You can google “median split” to get some more ideas about the approach. Also make sure that you’re doing this for continuous values. Using such an approach with ordinal data (such as likert scale) doesn’t make sense – you cannot say that a median score of 3.4 in likert scale is a cut-off because it’s an ordinal scale.
In python, you could could convert to classes based on quantile and mean with something along the lines of:
if cur_ground_truth > final_df['ground_truth'].quantile(0.75):
quantile = 3
elif cur_ground_truth < final_df['ground_truth'].quantile(0.25):
quantile = 1
quantile = 2
mean = final_df['ground_truth'].mean().astype('int')
Another approach to try is to first cluster the dataset into maybe 2 clusters and then use that separation as a class. For all data points that fall into one cluster, assign them a class of 1, and 0 for all the others. Then try classifying them. You have to be careful to select a proper centroid for the start — for example, set it to the highest achievable value (for the ground truth) in one cluster whereas the lowest achievable value (for the ground truth) in the another cluster.

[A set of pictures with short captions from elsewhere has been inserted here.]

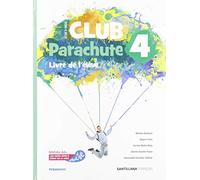 CLUB PARACHUTE 4 PACK ELEVE - 9788490494035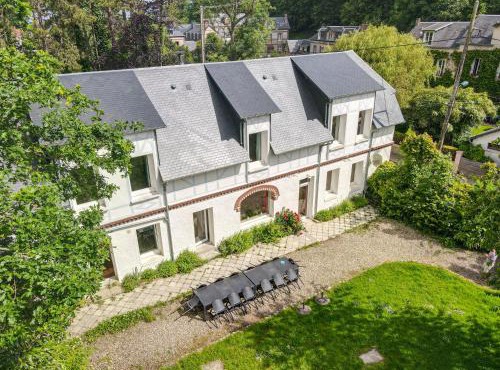 Villa Mathilde in Saint-Pierre-en-Port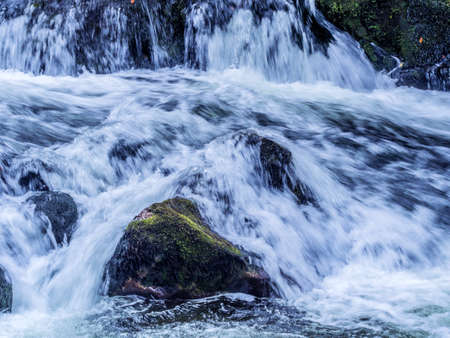 austria, roÃŸleithen. bach pieÃŸling. crisp, clean, fresh water from the austrian alps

Capture the dynamics instead
You could try to change the problem you’re investigating so that you look into predicting the dynamics instead. Say for example, you are trying to classify whether someone has high IQ or low IQ. Instead of taking average over the whole sample and using that as a cut-off, you could maybe try classifying whether the given person’s IQ goes down (class 0) or goes up (class 1). Think of it this way: You use say a year of time series data of 100 people and have up or down as your class. Every week, you ask them to take a IQ test, if it goes down, you give it a class of 1, if it goes up, you give it a class of 0 (your training set would be some features you collected, and your ground truth will be up/down). Then your model will be able to say whether that person’s IQ will go down or up based on that week’s data.